Now, start the server with sbt run and send a request to validate that everything is fine.

curl -v POST \
http://localhost:8080/test \
-H 'Content-Type: application/json' \
-H 'cache-control: no-cache' \
-d '[{
"field1": "value1"
}]'

You should get a 200. Now let’s try sending a String

curl -v POST \
http://localhost:8080/test \
-H 'Content-Type: application/json' \
-H 'cache-control: no-cache' \
-d '"[{\"field1\": \"value1\"}]"'

We get a 400: The request was malformed

Let’s see if we can use this previous unmarshaller forList[Json] and also a String unmarshaller. To achieve this functionality, let’s write a small function to try multiple unmarshallers until we find a working one.

// Inspired by `firstOf` in
// akka.http.scaladsl.unmarshalling.Unmarshaller
private def firstOf[A, B](unmarshallers: Unmarshaller[A, B]*)(implicit materializer: ActorMaterializer): Unmarshaller[A, B] =
Unmarshaller { implicit ec => a =>
def rec(ix: Int): Future[B] =
if (ix < unmarshallers.size) {
unmarshallers(ix)(a).fast.recoverWith {
case NonFatal(e) =>
e.printStackTrace()
rec(ix + 1)
}
} else {
FastFuture.failed(new Exception("Cannot unmarshall"))
}
rec(0)
}

Let’s write a simple method to parse the String into a List[Json]

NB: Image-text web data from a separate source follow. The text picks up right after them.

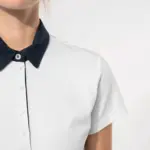 Tweekleurige damespolo jersey — productfoto 2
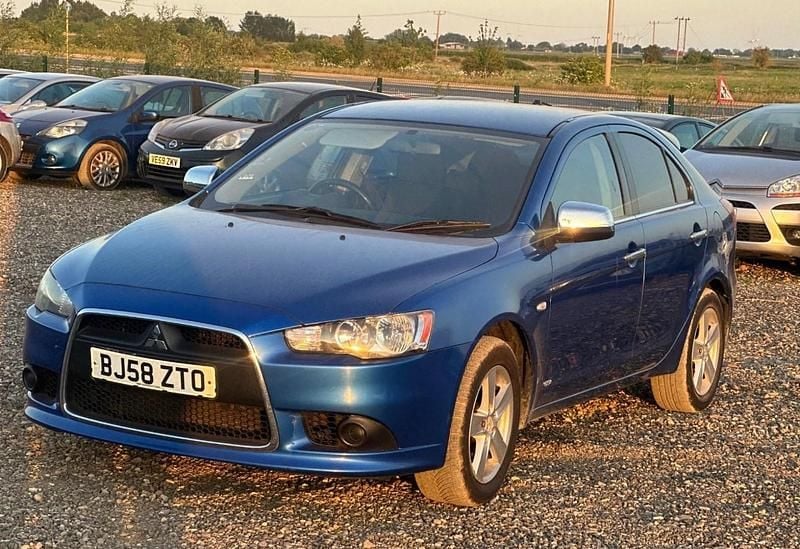 Used Mitsubishi Lancer 2008 Blue Hatchback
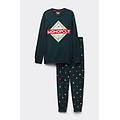 pigiama lungo cotone hasbro monopoly uomo verde taglia s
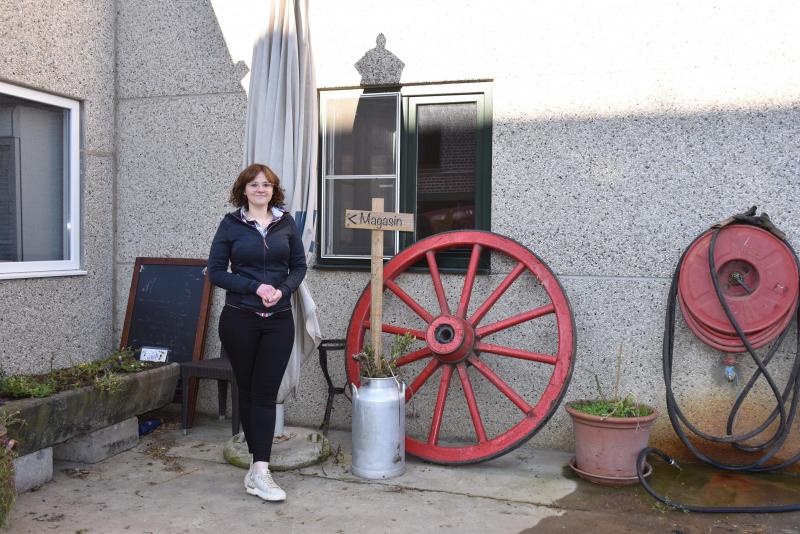 Le magasin à la ferme propose des yaourts déclinés en une dizaine de saveurs différentes,  du riz au lait, des crèmes-desserts vanille et chocolat, des quiches  et des tartes al’djote également faites à la ferme.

private def strAsListJson(s: String): List[Json] =
// For simplicity of this example, we use `.get` instead of proper handling
parse(s).toOption.get.asArray.get.toList

Update the route:

val route =
path("test") {
post {
entity(
firstOf(
as[List[Json]],
as[String].map(strAsListJson)
)
) { _ =>
complete("Ok")
}
}
}

Resend the String and it should just work.

Easy enough, right?

You may think that you are done, but there are some caveats with this solution. To expose another behavior, either send a large (around 500KB — 1MB) stringified JSON in the payload or send chunks to stream data in multiple pieces.

Sending a large payload

curl -v POST http://localhost:8080/test \
-H 'Content-Type: application/json' \
-H 'cache-control: no-cache' \
-d @large_string.json
> Expect: 100-continue
>
< HTTP/1.1 100 Continue
< Server: akka-http/10.1.7
< Date: Mon, 11 Mar 2019 15:24:43 GMT
* We are completely uploaded and fine
< HTTP/1.1 100 Continue
< Server: akka-http/10.1.7
< Date: Mon, 11 Mar 2019 15:24:43 GMT
< HTTP/1.1 100 Continue
< Server: akka-http/10.1.7
< Date: Mon, 11 Mar 2019 15:24:43 GMT
< HTTP/1.1 400 Bad Request
< Server: akka-http/10.1.7
< Date: Mon, 11 Mar 2019 15:24:43 GMT
< Content-Type: text/plain; charset=UTF-8
< Content-Length: 52
<
The request content was malformed:

The same is observed when using chunks and a small payload

curl -v POST http://localhost:8080/test \ 
-H 'Content-Type: application/json' \
-H 'Transfer-Encoding: chunked' \
-H 'cache-control: no-cache' \
-d @small_string.json
> 22f
* upload completely sent off: 566 out of 559 bytes
< HTTP/1.1 400 Bad Request
< Server: akka-http/10.1.7
< Date: Mon, 11 Mar 2019 15:26:21 GMT
< Content-Type: text/plain; charset=UTF-8
< Content-Length: 52
<
The request content was malformed:

This happens for our second unmarshaller, namely the String unmarshaller.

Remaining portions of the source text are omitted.